Los campos y suelos agrícolas que no son maltratados por agricultura industrial, contienen carbono y pueden hasta cierto grado, absorber más. Son un factor fundamental para prevenir el cambio climático. Pero siendo ecosistemas vivos –como bosques, manglares y otros– si se rompe el equilibrio de suelos sanos con agrotóxicos, fertilizantes sintéticos y maquinarias, también emiten carbono. No existen formas exactas de medir los intercambios gaseosos en la tierra –ni en bosques y mares– y mucho menos la permanencia a largo plazo del carbono.
Con la crisis climática, una nueva frontera empresarial es la conquista de suelos y tierras agrícolas para usarlos como sumideros de dióxido de carbono. Es también otra forma de controlar a campesinos y agricultores y una amenaza a la soberanía alimentaria.

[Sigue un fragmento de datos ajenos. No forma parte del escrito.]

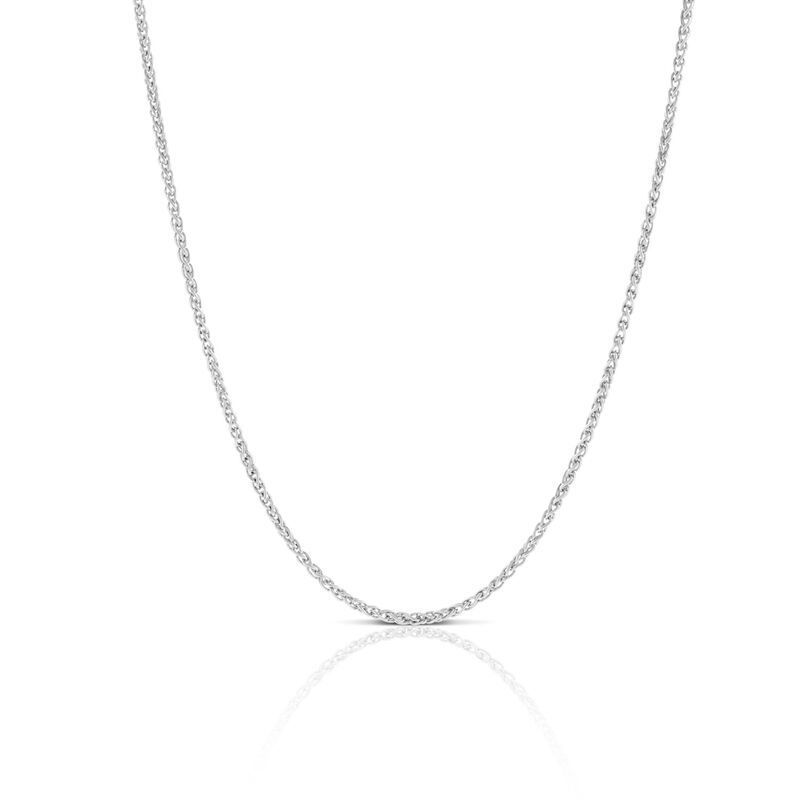 Round Wheat Chain in Silver, 20" image number 0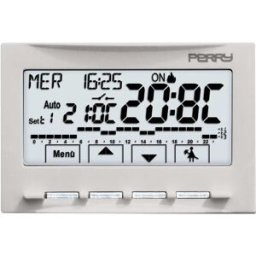 Tecnomat CRONOTERMOSTATO SETTIMANALE PERRY 230V LCD RETROILLUMINATO DA INCASSO 1CRDS29
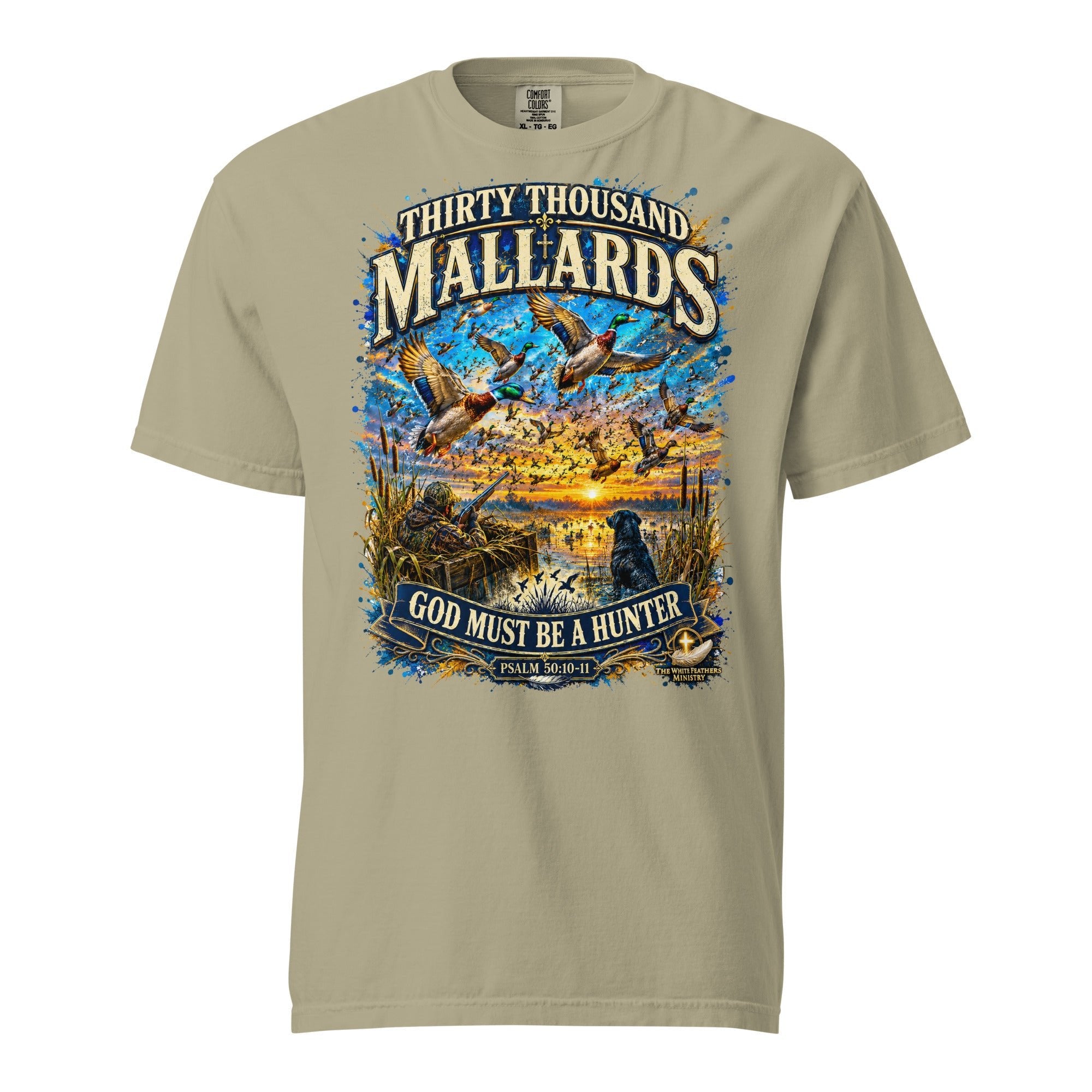 Thirty Thousand Mallards Duck Hunter Unisex T-Shirt - The White Feathers Ministry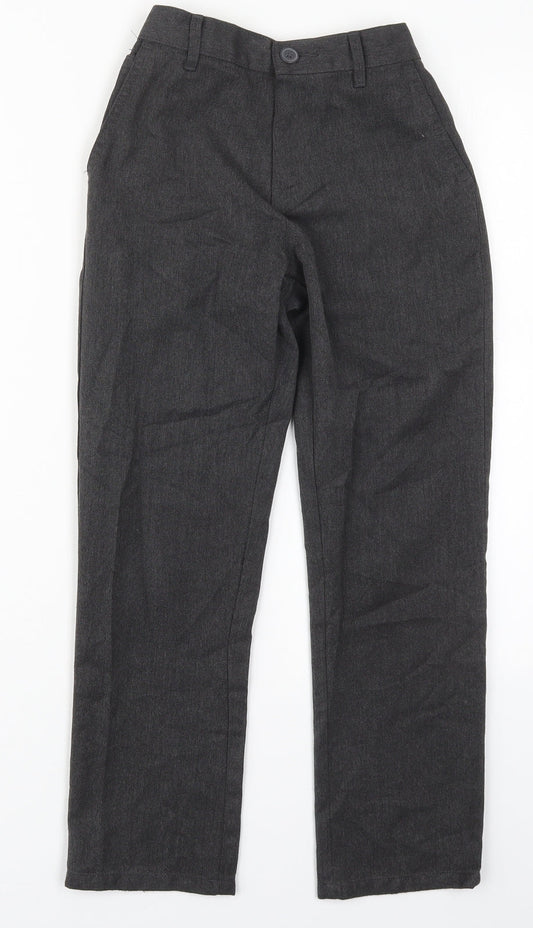 NEXT Boys Grey Polyester Dress Pants Trousers Size 10 Years Regular Button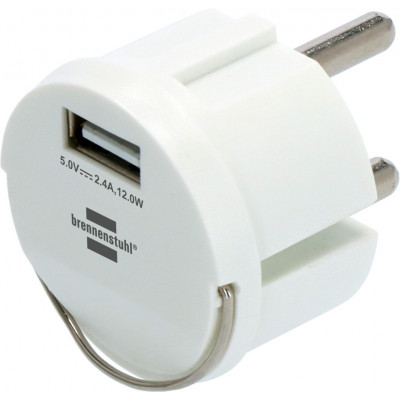 Adaptateur pour port USB 2,4A blanc - Brennenstuhl | 1508110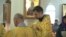 Belarus -- Orthodox priest-blogger during a mass on December 10, 2018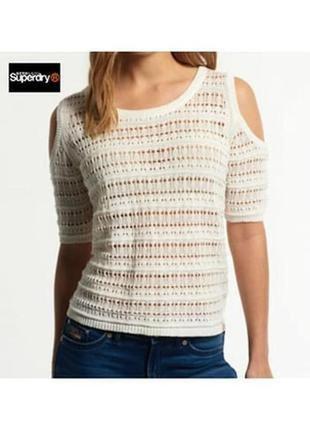 Женственный вязаный топ уникального британского бренда superdry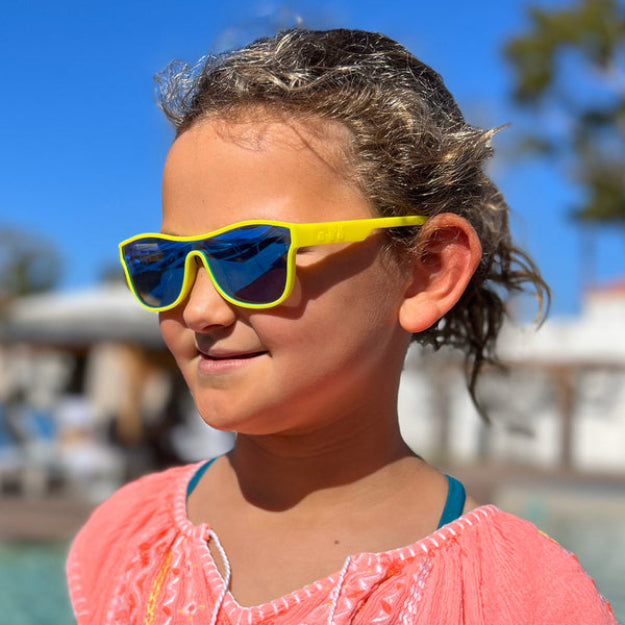 Black Roshambo Junior Single Shield Sunglasses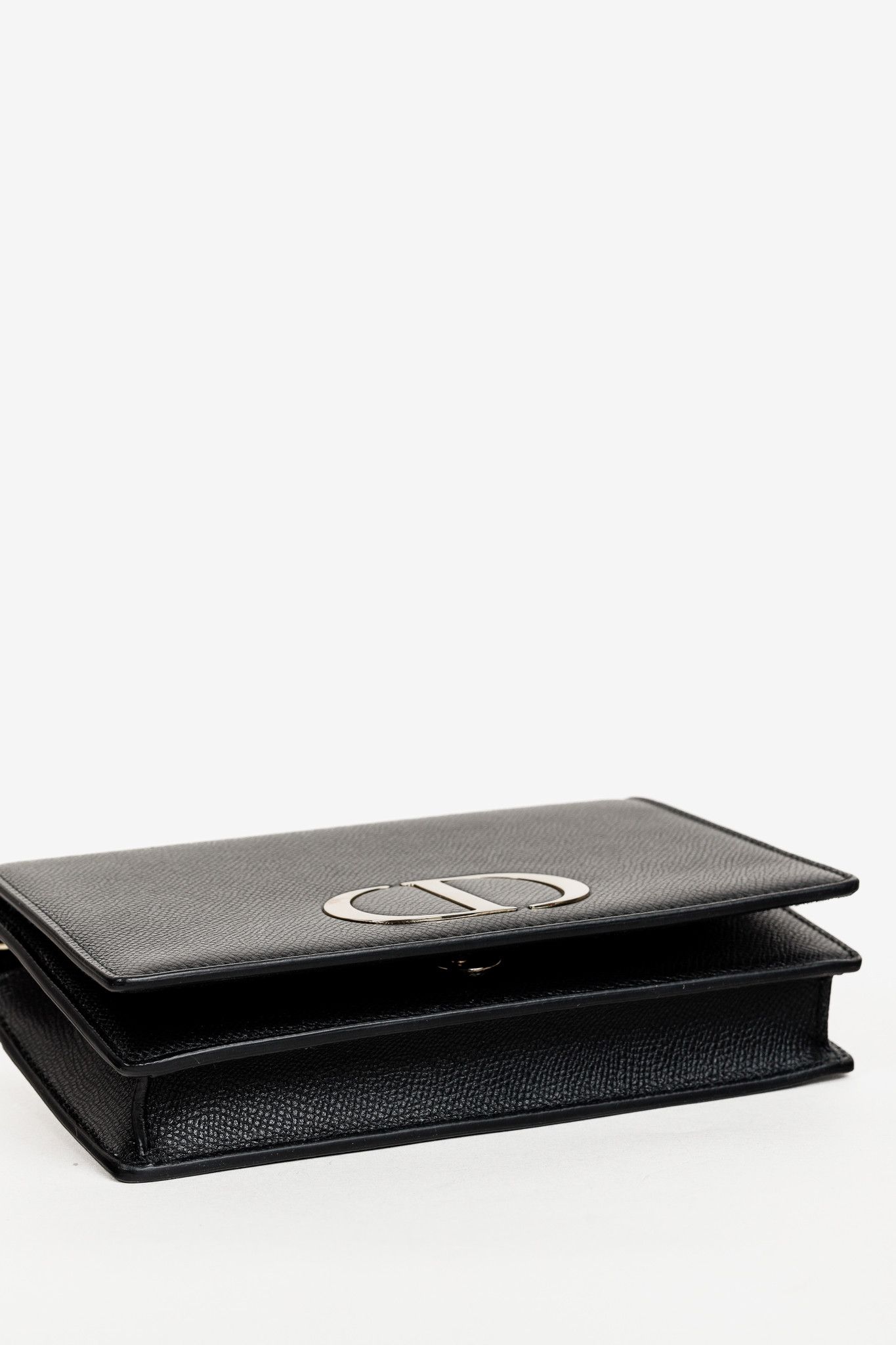 Dior Christian Dior 30 Montaigne Black Leather 2-in-1 Pouch Size ONE SIZE - 5 Thumbnail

Las mayores empresas globales en agricultura y alimentación han establecido programas para este fin, al que llaman agricultura de carbono. Por ejemplo las de semillas y agroquímicos como Bayer-Monsanto y Corteva, de fertilizantes como Yara y Nutrien, de maquinaria como John Deere incorporaron a sus plataformas digitales formas de enrolar e incluso pagar a agricultores, para que hagan cambios que puedan ser clasificados como agricultura que secuestra carbono.